Maatregelen die risico’s op stalexplosies kunnen beperken:

  • Zorg ervoor dat er geen ontstekingsbronnen zijn tijdens het mixen van de mest en op andere risicovolle momenten. Schakel de mestrobot of mestschuif en andere apparatuur waarbij mogelijk vonken ontstaan tijdelijk uit en rook niet.
  • Mestschuim bestaat voor 60-80% uit methaan. Bij het mixen gaan de bellen in het schuim deels kapot, waardoor schuimvorming vrijwel altijd leidt tot hoge methaanconcentraties tijdens het mixen. Wees in die situaties dus extra voorzichtig.

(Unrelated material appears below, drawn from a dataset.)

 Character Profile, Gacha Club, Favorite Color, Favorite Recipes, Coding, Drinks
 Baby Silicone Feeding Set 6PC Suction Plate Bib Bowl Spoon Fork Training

  • Zorg voor voldoende ventilatie tijdens het mixen; mix bij voorkeur op een winderige dag en open alle ventilatieopeningen in de stal.
  • Mix vaker, zodat methaan minder kans krijgt om zich op te hopen in de mest. Denk evt. aan frequent mixen met luchtbellen.
  • Zorg voor het juiste voer en optimale benutting voor het vee. Hoge, makkelijk afbreekbare C-gehaltes in de mest kunnen het vergistingsproces versterken en daarmee leiden tot hogere methaanconcentraties.
  • Blijf tijdens het mixen nooit bij de mixput staan of in de cabine van de trekker zitten. Naast methaan komt ook het giftige gas waterstofsulfide (H₂S) vrij. Dit gas is in veel lagere concentraties al zeer gevaarlijk en eist jaarlijks dodelijke slachtoffers op boerderijen.